* [Records for this task]
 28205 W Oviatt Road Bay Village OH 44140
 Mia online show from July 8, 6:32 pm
---
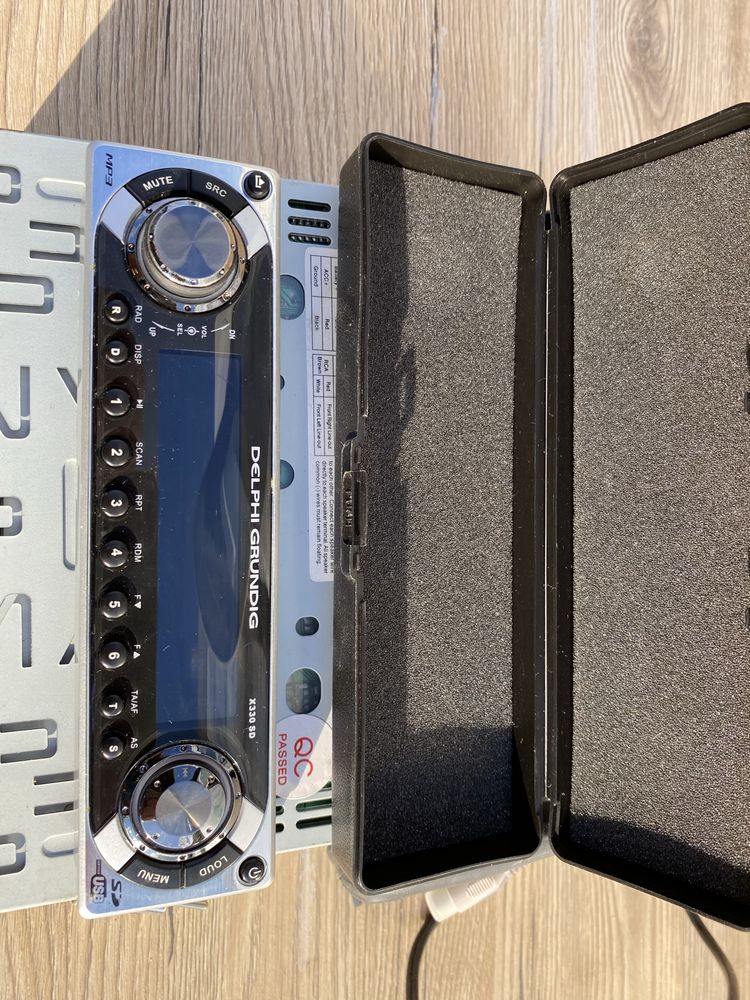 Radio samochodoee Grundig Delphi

* [How to complete this task]
Transcribe the lines above between the line holding "28205 W Oviatt Road Bay Village OH 44140" and the line holding "Mia online show from July 8, 6:32 pm", inclusive, exactly as they stand and with nothing added.

* [Solved exercise]
 28205 W Oviatt Road Bay Village OH 44140
 Mia online show from July 8, 6:32 pm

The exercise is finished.